* _What the task asks_
Word for word, transcribe the lines from the one containing "Mochaik DEMO Regular Character Map" through the end of the entries, both included, and nothing else.

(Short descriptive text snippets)
◇ ◇ ◇
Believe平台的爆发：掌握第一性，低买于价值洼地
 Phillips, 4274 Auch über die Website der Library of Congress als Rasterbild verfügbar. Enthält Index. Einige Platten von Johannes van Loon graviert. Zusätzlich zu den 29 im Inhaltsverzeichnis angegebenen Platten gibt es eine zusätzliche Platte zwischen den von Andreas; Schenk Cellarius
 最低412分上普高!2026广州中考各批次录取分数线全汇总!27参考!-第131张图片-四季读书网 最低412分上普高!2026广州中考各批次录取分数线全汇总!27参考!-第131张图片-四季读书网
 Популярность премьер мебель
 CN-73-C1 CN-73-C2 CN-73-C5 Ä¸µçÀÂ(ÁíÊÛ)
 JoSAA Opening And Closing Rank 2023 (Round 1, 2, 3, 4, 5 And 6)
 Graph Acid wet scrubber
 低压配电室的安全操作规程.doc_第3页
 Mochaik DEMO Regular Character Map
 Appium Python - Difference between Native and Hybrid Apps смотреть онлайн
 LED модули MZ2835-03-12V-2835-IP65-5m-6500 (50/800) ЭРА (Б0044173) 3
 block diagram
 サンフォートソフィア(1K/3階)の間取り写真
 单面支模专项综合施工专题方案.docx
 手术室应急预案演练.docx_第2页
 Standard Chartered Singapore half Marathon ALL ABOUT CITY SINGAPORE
◇ ◇ ◇
* _Response box_
 Mochaik DEMO Regular Character Map
 Appium Python - Difference between Native and Hybrid Apps смотреть онлайн
 LED модули MZ2835-03-12V-2835-IP65-5m-6500 (50/800) ЭРА (Б0044173) 3
 block diagram
 サンフォートソフィア(1K/3階)の間取り写真
 单面支模专项综合施工专题方案.docx
 手术室应急预案演练.docx_第2页
 Standard Chartered Singapore half Marathon ALL ABOUT CITY SINGAPORE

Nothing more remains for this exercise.